Na sexta-feira (27/2), o oficial foi transferido para a reserva remunerada por quota compulsória — situação que, em regra, representa o afastamento do serviço ativo da corporação. Mas não foi o que ocorreu no caso do coronel Diógenes de Quinta.

Portaria publicada no Diário Oficial em 27 de fevereiro de 2026 transfere o coronel Diógenes Alves de Quinta, então subcomandante-geral do CBMDF, para a reserva remunerada por quota compulsória.
Isso porque, ainda na sexta-feira (27/2), mesmo dia da publicação da reserva remunerada, a Diretoria de Inativos e Pensionistas (DINAP) publicou ato solicitando ao oficial o envio de certidões negativas, com vistas à sua nomeação no regime de Prestação de Tarefa por Tempo Certo (PTTC).

Ato da Diretoria de Inativos e Pensionistas (DINAP), publicado no mesmo dia da transferência para a reserva, solicita ao coronel Diógenes Alves de Quinta o envio de certidões negativas para viabilizar sua nomeação no regime de Prestação de Tarefa por Tempo Certo (PTTC).
Incrivelmente, na segunda-feira (02/3), apenas três dias depois, de Quinta já apareceu nomeado no PTTC como assessor do atual comandante-geral, coronel Moisés Alves Barcelos.

Boletim Geral do CBMDF de 2 de março de 2026 formaliza a nomeação do coronel da reserva Diógenes Alves de Quinta para a Prestação de Tarefa por Tempo Certo (PTTC), no Gabinete do Comandante-Geral.
A cronologia oficial tenta validar a tese de que os “nada consta” foram analisados ao longo do fim de semana e que a inspeção de saúde — etapa exigida no procedimento de nomeação — foi realizada em pleno sábado ou domingo.
A sequência dos fatos evidencia, ainda, que a nomeação ocorreu sem a observância das regras que regem o processo seletivo previsto para a vaga.
“Além de ser mais moderno do que os outros que estão na fila das dez vagas, ele é o último da lista e acabou passando todos de forma arbitrária, sem obedecer aos trâmites normais e legais.

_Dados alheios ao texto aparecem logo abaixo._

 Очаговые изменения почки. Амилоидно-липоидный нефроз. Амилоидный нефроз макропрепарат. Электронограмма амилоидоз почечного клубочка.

Isso gerou revolta entre os mais antigos, que agora falam em abandonar o apoio por causa da indignação com o que aconteceu”, disse um militar ouvido pela reportagem.
E quando se poderia esperar que o oficial estivesse em plena atividade após a rápida nomeação, ele aparece na praia. Na quarta-feira (04/3), apenas dois dias após o ato que o colocou no PTTC, o coronel Diógenes de Quinta surge em registros nas redes sociais em viagem a Maragogi (AL), com copo de bebida nas mãos.

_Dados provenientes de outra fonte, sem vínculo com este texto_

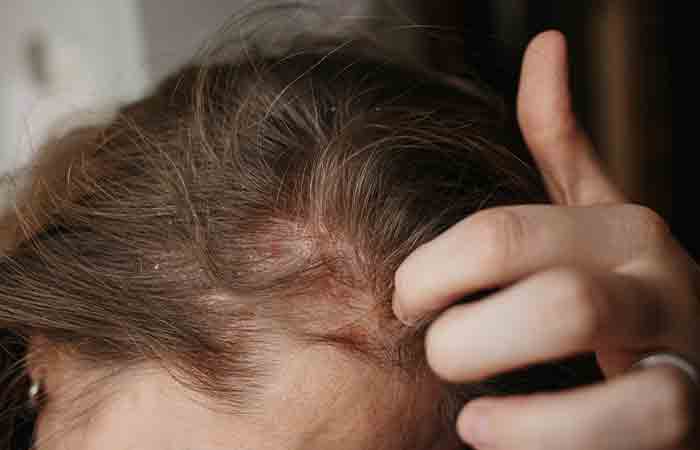 Woman with psoriosis scratching scalp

Dois dias após aparecer oficialmente nomeado no PTTC, o coronel Diógenes Alves de Quinta publica registros de viagem à praia em Maragogi (AL).
Nos bastidores do CBMDF, a rapidez da sequência de atos e a ausência de referência a qualquer processo seletivo para a vaga passaram a ser apontadas por militares como pontos que merecem explicação — especialmente diante da conhecida proximidade do coronel com o deputado distrital Roosevelt Vilela.
Talvez seja por isso que, nas conversas entre militares, o apelido apareça sempre acompanhado de uma observação: “O Fura-Fila do PTTC” puxa-saco de Roosevelt Vilela.